More CCTV cameras to be set up across the city after installing 1.4 lakh CCTV cameras in phase I
NEW DELHI: Delhi government’s Expenditure Finance Committee (EFC) has given its nod for the initiation of the second phase of the CCTV project. Under this project, 1.4 lakh more cameras will be installed in different parts of the city. The cost of this project is estimated to reach 613.5 crores.
The state government decided to install the additional cameras. The discovered that the 1.4 lakh CCTVs installed in the first phase at the cost of 571 crores weren’t enough to cover all key areas in colonies and markets.
Differences between the bureaucracy and the government made its mark on the clearance for the second phase of the project. The planning and finance departments wanted an evaluation study to measure the outcome of the first phase. These were to be based on the experiences of the stakeholders.

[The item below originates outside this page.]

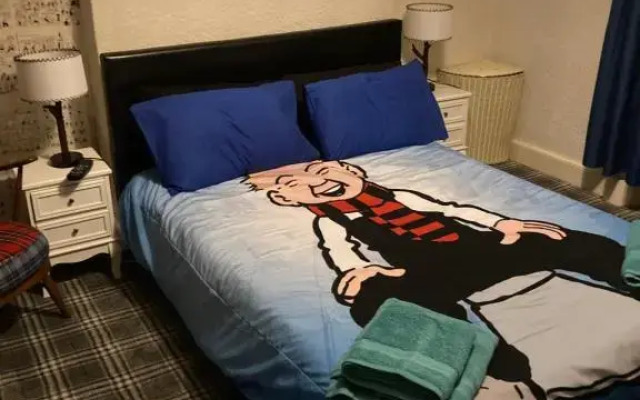 Thistle Room single with en-suite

‘The evaluation would have included merits, challenges and effectiveness of the project. These are yet to be worked out by the public works department,” sources said.
The administrative department echoed similar opinion. The bureaucrats have based their opinions on the directions given by EFC when the phase I was under consideration.
The finance department of Delhi government had further observations. Only a detailed project report and scientific approach could determine the number of cameras required for effective coverage. It felt that breaking the project into many phases breaks the scale of economy in procurement and operational expenditure. Additionally, it would lead to different tenders/vendors doing the same work at different cost, different operational efficiency and issues of intra-vendor coordination.
For addressing the issues highlighted during the first phase of the project, preparation of a detailed project report and expert consultation was suggested.
Delhi deputy chief minister, Manish Sisodia, who chaired the EFC meeting, pointed out that the recommendations of the principal secretary (PWD) could not be considered because he had not visited the sites and was not aware of feedback from the public. He said that the public at large was very happy and had welcomed the installation of CCTV cameras, which made them feel secure. The government also pointed out that the footage of the CCTV cameras had provided clues, leading to the solving of a few cases of car theft.
2,000 cameras in one assembly constituency hardly covered the entry and exit points of residential colonies. Most of the boundary and periphery was left uncovered as well. This is what prompted the AAP government to install 4,000 cameras in each constituency.
“Keeping in view the time already taken in the decision-making process under first phase of the project, the proposal (of second phase) needs no further evaluation. It has to be expedited to get meaningful results and to achieve the desired objective of crime reduction and women’s safety,” Delhi PWD minister Satyendra Jain observed.